(Records provided Opens)

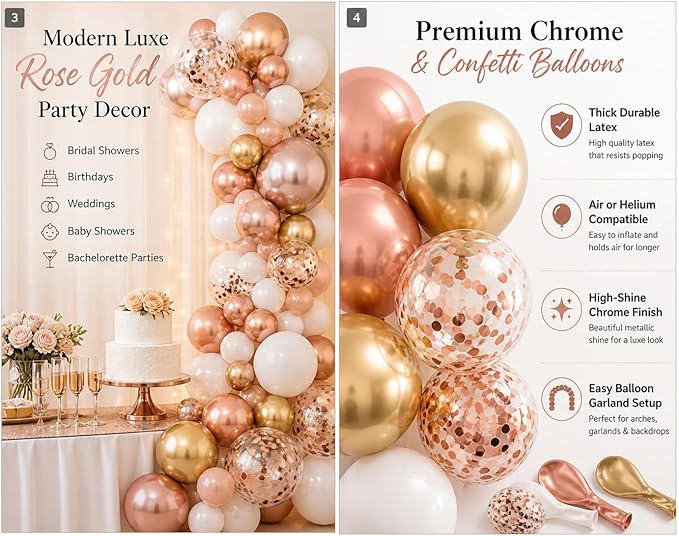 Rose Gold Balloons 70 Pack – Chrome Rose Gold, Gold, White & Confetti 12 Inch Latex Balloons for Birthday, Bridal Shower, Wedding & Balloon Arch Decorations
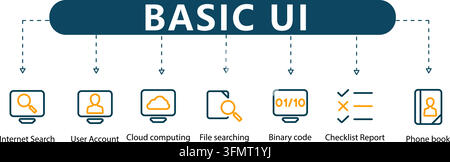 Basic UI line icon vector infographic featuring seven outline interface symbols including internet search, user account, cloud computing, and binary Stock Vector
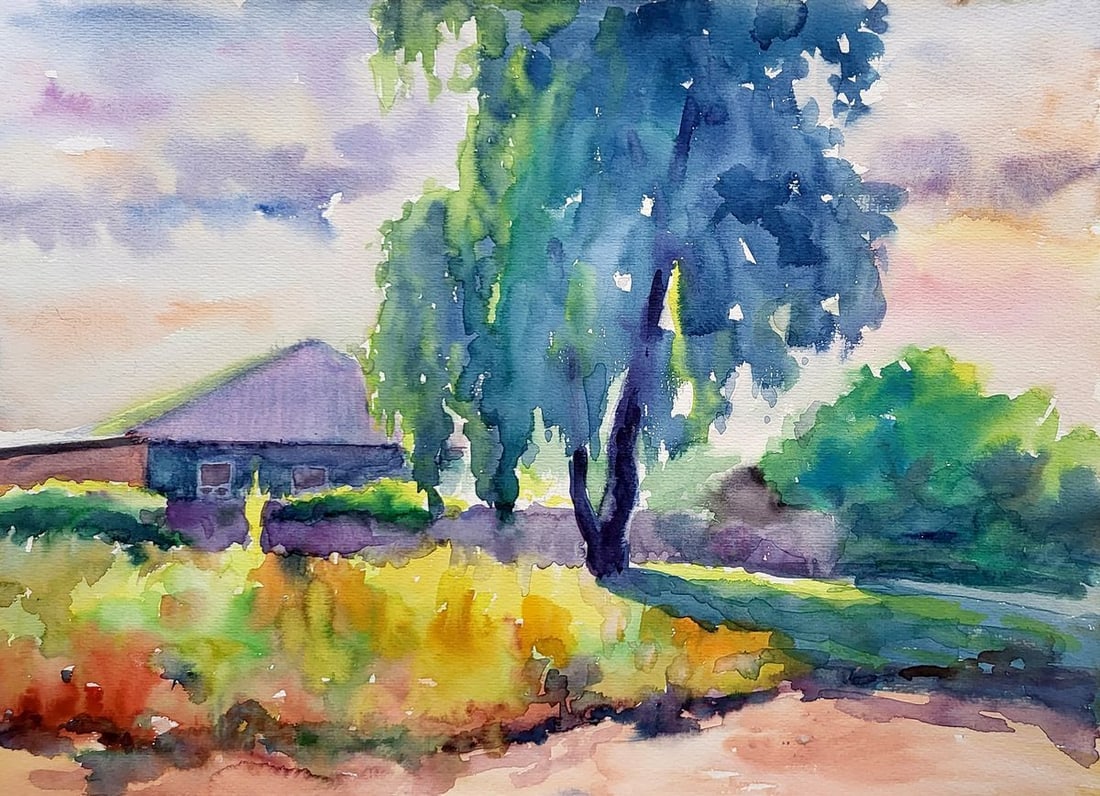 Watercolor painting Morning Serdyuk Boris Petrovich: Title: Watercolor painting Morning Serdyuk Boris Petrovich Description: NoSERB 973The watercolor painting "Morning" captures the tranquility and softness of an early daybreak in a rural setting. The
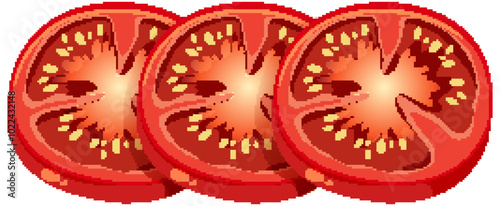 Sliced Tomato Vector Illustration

(Records provided Closes)
(Records provided Opens)

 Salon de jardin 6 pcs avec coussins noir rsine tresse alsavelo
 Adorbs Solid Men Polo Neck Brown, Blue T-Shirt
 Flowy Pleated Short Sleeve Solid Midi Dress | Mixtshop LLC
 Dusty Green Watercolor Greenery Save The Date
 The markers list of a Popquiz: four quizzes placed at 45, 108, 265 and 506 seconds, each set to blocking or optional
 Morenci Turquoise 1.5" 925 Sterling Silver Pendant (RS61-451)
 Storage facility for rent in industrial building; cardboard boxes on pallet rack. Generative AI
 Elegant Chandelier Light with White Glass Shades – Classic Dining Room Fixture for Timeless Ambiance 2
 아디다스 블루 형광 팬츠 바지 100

(Records provided Closes)

- **What you need to do**
Which lines above hold the string "Solid"? Show each of them.

- **Solution for this task**
 Adorbs Solid Men Polo Neck Brown, Blue T-Shirt
 Flowy Pleated Short Sleeve Solid Midi Dress | Mixtshop LLC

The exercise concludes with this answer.